PROBLEM TO SOLVE: Print the line containing "New 2026 RAM 1500 Big Horn image 34" and every later line of the records. Keep each one exactly as given, ending with the last.

EXCERPTED DATA:
────────

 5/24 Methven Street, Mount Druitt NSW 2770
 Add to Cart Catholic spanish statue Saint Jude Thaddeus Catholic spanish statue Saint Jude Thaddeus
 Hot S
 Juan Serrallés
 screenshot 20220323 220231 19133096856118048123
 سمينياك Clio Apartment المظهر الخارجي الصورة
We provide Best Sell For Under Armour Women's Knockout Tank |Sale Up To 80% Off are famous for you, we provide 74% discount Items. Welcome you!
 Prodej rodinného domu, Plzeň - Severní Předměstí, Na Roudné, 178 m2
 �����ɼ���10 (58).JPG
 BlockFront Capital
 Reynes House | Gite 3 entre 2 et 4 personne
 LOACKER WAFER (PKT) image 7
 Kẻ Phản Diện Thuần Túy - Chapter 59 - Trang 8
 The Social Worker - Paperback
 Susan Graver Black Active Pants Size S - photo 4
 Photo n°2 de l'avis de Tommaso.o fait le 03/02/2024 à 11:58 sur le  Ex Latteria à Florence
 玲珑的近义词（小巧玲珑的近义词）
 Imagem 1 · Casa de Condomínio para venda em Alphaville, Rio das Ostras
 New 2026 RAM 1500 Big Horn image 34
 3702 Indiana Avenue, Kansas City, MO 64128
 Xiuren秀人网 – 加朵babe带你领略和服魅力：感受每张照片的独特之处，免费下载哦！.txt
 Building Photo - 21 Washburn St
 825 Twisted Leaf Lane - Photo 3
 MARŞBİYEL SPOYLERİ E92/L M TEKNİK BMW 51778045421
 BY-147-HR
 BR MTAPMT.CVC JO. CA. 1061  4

────────

RESPONSE AREA:
 New 2026 RAM 1500 Big Horn image 34
 3702 Indiana Avenue, Kansas City, MO 64128
 Xiuren秀人网 – 加朵babe带你领略和服魅力：感受每张照片的独特之处，免费下载哦！.txt
 Building Photo - 21 Washburn St
 825 Twisted Leaf Lane - Photo 3
 MARŞBİYEL SPOYLERİ E92/L M TEKNİK BMW 51778045421
 BY-147-HR
 BR MTAPMT.CVC JO. CA. 1061  4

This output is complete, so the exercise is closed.